Let $M_{1}$, $M_{2}$ be two $n \times n$ matrices with entries in $\mathbb{Z}$ such that $\det(M_{1})=\det(M_{2}) = p_{1}p_{2}\cdots p_{m}$, where $p_{j}$ are distinct prime numbers. I need to show that there exist two invertible matrices $A,B$, with entries in $\mathbb{Z}$ such that $M_{1} = A M_{2}B$. If the primes are not distinct then the conclusion may not hold, what could be an example of it?

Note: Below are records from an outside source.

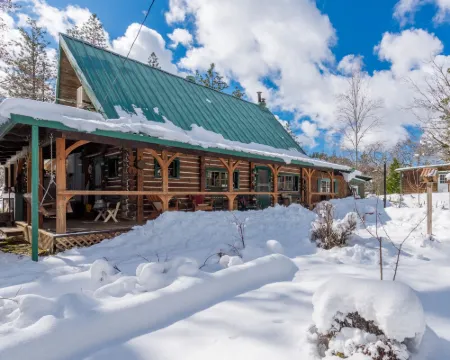 The Davies Family Inn Hotels in Placerville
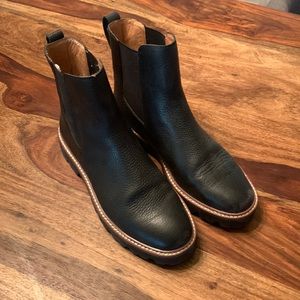 Brand New Madewell Citywalk Lugsole Chelsea Boot in Black Leather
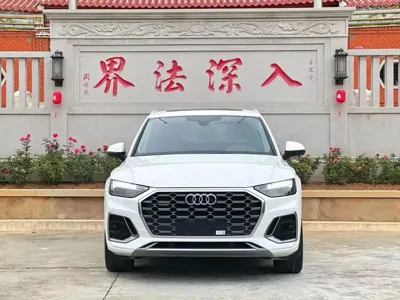 Audi Q5L 2021, 70000 км, за 143800 CNY
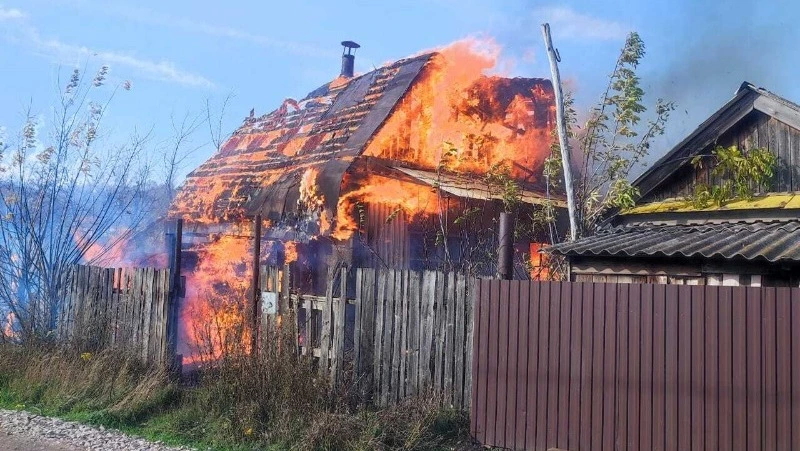 Два пожара в Ногликах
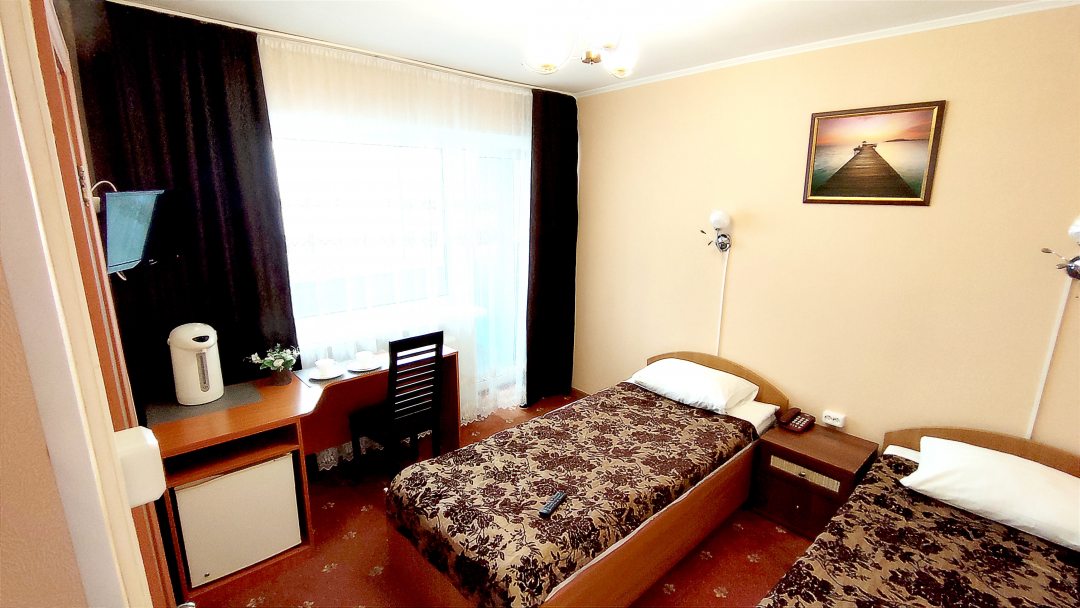 Двухместный (Стандарт twin с балконом и кондиционером) гостиницы Моряк, Владивосток
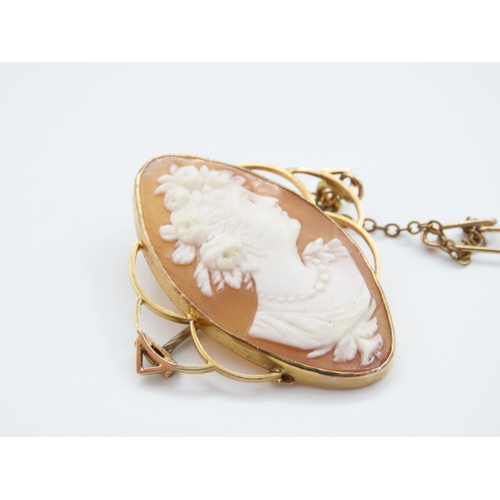 231 - 9 Carat Yellow Gold Set Cameo Brooch Depicting Classical Lady of Pompeii Side Profile 4cm High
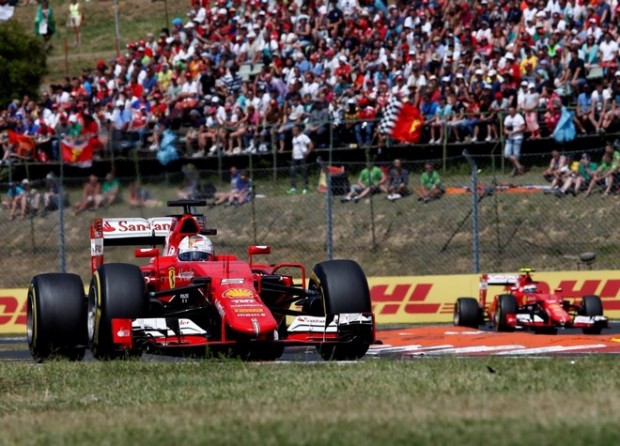 Pole position για Φέτελ στη Σιγκαπούρη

I now that if above statement holds then $\det(M_{1}) = \det(A M_{2} B)$, and then $\det(B) = 1/\det(A)$, then $B = A^{-1}$. Also since $\det(M_i)$ is not zero, then $M_{i}$ is invertible.
Any hints would be helpful.
Thanks
If $M\in M_n(\mathbb Z)$ is such that $\det M=p_1\cdots p_n$ with $p_i$ distinct primes, then its Smith normal form is necessarily $\operatorname{diag}(1,\dots,1,p_1\cdots p_n)$. This shows the first part of your question.
For the second part consider two diagonal $2\times 2$ matrices, one of them being $\operatorname{diag}(1,p^2)$, and the other $\operatorname{diag}(p,p)$.